KickHimInTheCrotch · 24/07/2024 06:45

I always like these threads where people have moved to the UK and then spend all their energy complaining about it. Are we forcing people to move here and remain here now? Also there's no law that you have to feed your kid school dinners, you can send packed lunches, or even home school if you want to control everything they are exposed to at all times.

For most, normal, people we cook healthily at home, serve half decent breakfasts and try to encourage our kids to develop a balanced attitude to food, that includes some treats and occasional junk food but where they also learn about nutrition and healthy eating.

RosesAndHellebores · 24/07/2024 06:49

Completely agree with the above posts. When mine were at state primary they had packed lunches and they me cost more than school lunch would have. School lunches were beige.

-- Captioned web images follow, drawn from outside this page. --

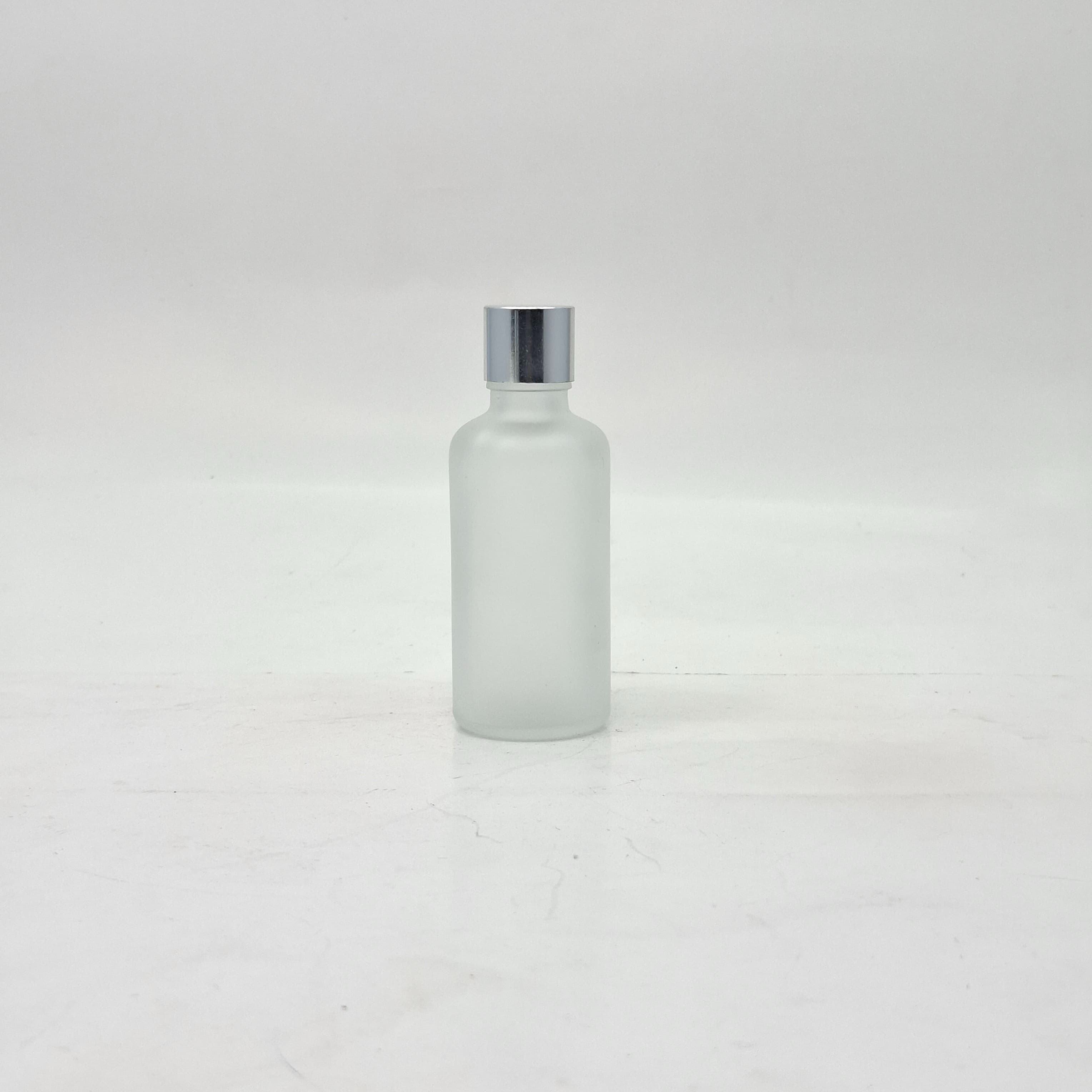 Main image of 50ml Frosted Glass Bottle -18mm Shine Silver Lid with insert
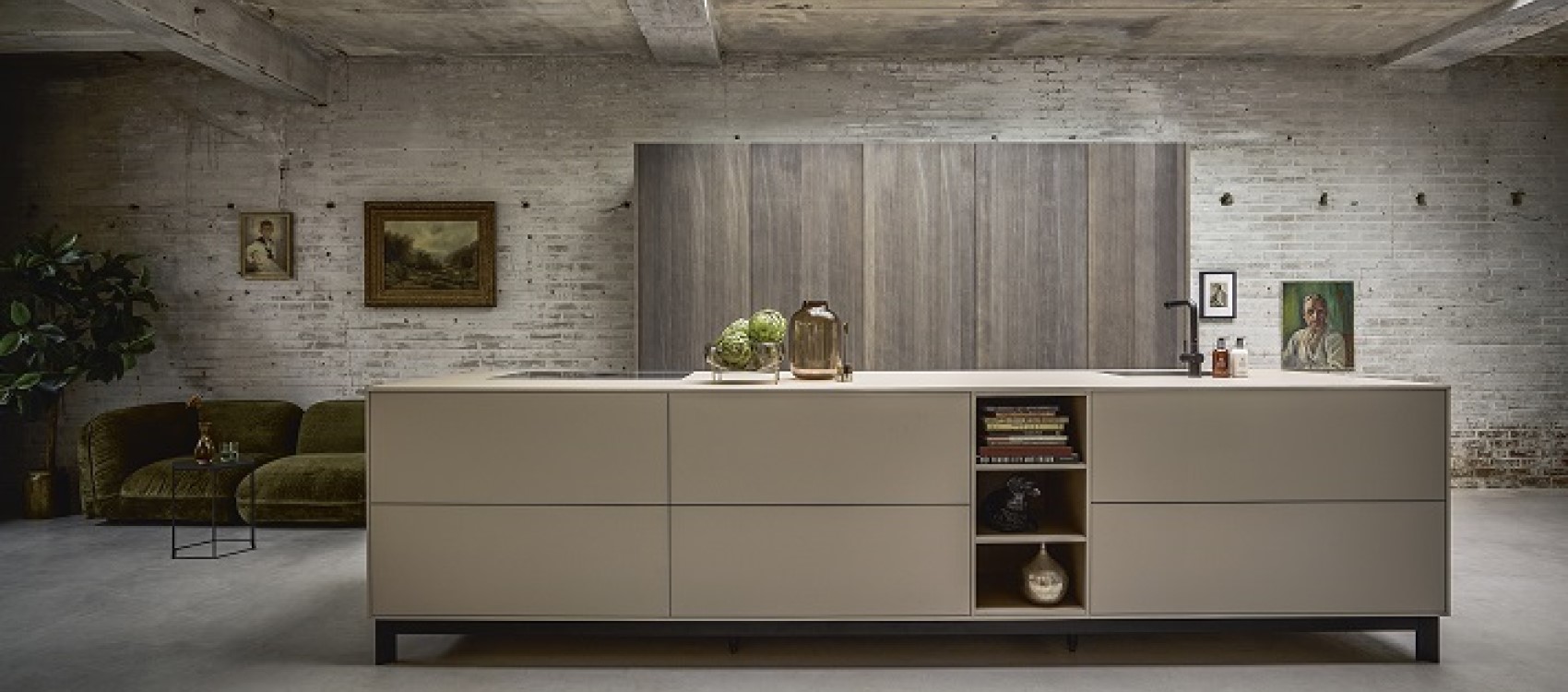 Modern kitchen by Next 125 with Sahara Grey lacquer and Pearl Grey Oak finishes, with tall folding doors to hide units and metal frame on island instead of plinth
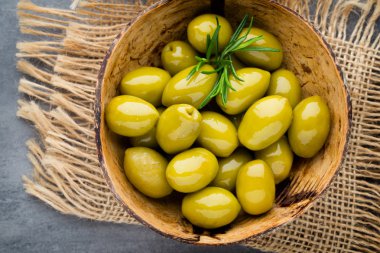 Taze zeytin ve gri arka plan. Kase ve kaşıkta zeytin.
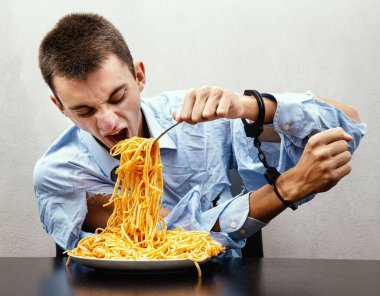 an young man eating spaghetti handcuffed clipart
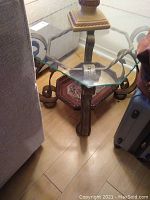 Clear beveled and scalloped glass top with wrought iron and wood base supports.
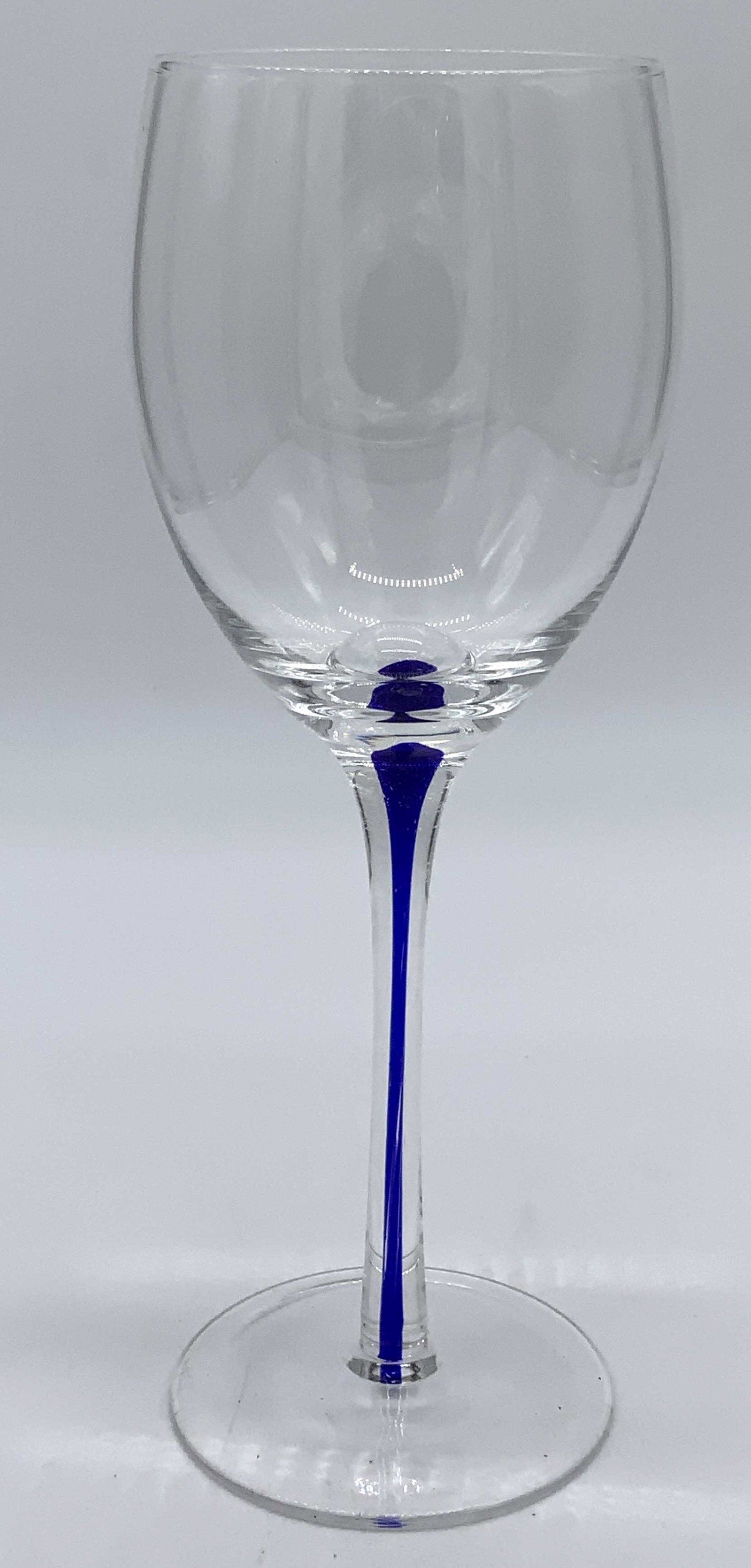 Set 8 Glass Stemware: Set of 8 wine glass. Stems are cobalt blue. Wear is consistent with age and use. Each measures approx 8.5 inches H, 3 inches in diameter. Stemware, wine glasses, Crystalware, drinking accessories, bar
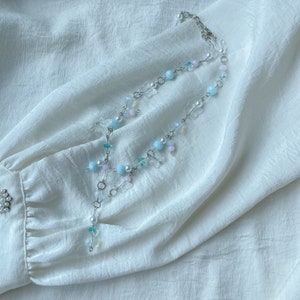 Pode incluir: Um delicado colar de corrente prateada com pingentes e contas de borboleta em azul pastel, rosa e branco. O colar est&aacute; sobre um fundo de tecido branco.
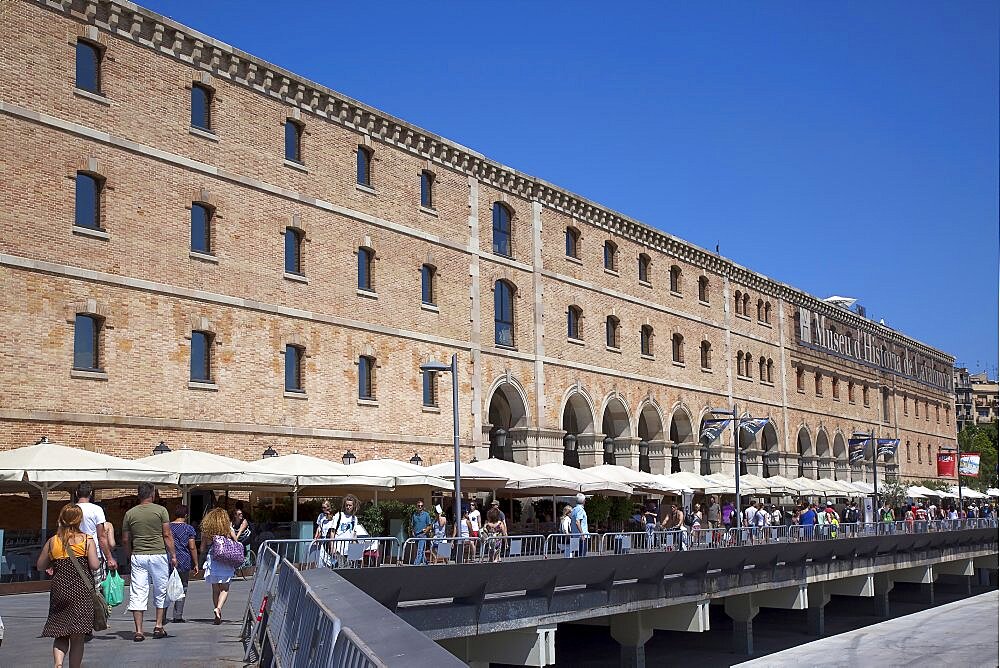 Spain, Catalonia, Barcelona, Tourists walking along promenade next to Museu D'Historia De Catalunya.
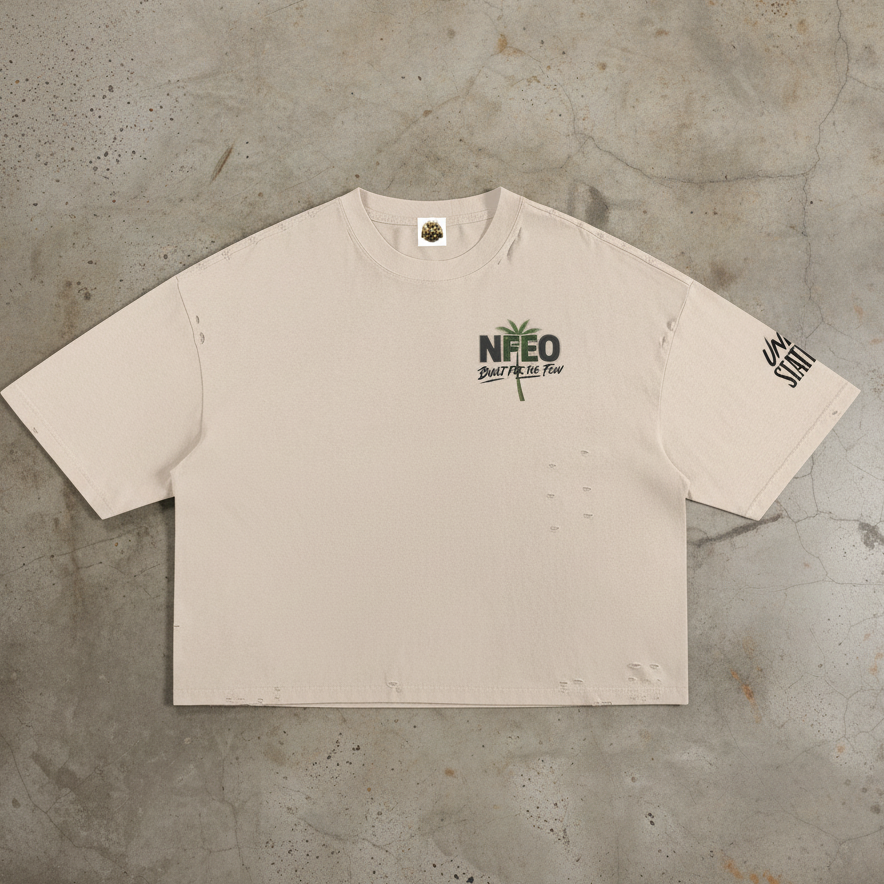 Signature designer streetwear t-shirt featuring a structured boxy silhouette and raw distressed edge detailing. The front features minimalist signature branding, while the back displays the iconic NFEO and Built For The Few graphic logo. This premium heavy cotton garment represents the entrepreneurial struggle and exclusive streetwear aesthetic. Engineered for a relaxed urban fit, this essential statement piece is crafted for those who value individuality, resilience, and high-end fashion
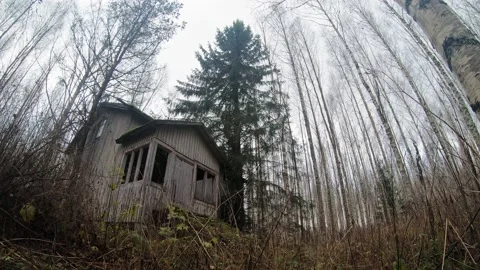 Time-lapse of clouds moving in the sky behind forsaken house Stock Footage 158112679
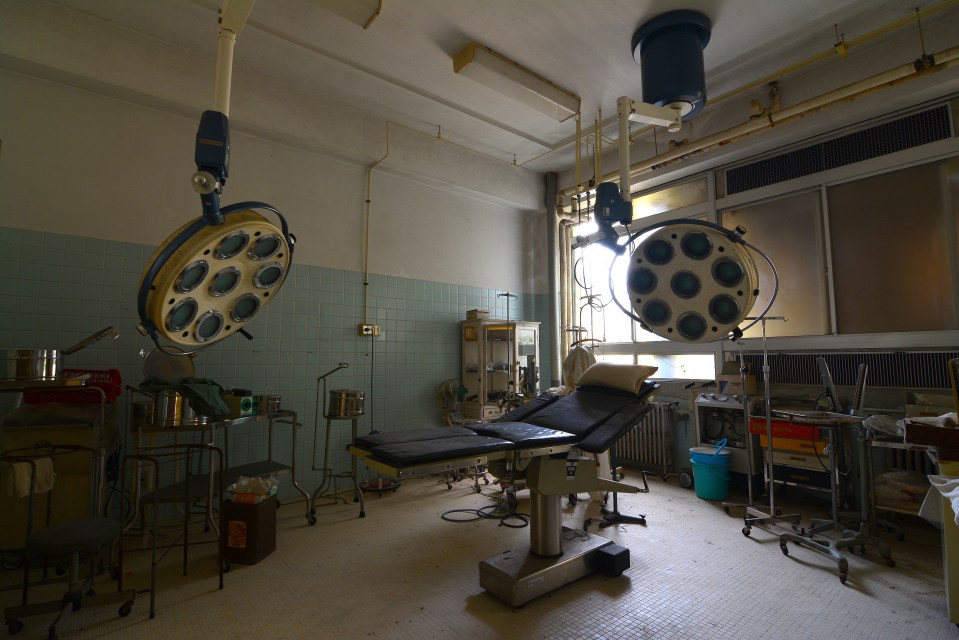  Chilling empty operating theatre in an abandoned hospital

Personally I thought when they were introduced that FSM across the board were a retrograde step because once something is free one can't complain - rather like the NHS.

When DS transferred to the independent sector the lunches were exceptional. They were, however, £4.50 per day in 2004. Nevertheless it was better value for money.

I recall complaining bitterly about school lunches in the 60's and my mother's response was "it doesn't matter because you get excellent food at home". The issue was and still is that some children don't.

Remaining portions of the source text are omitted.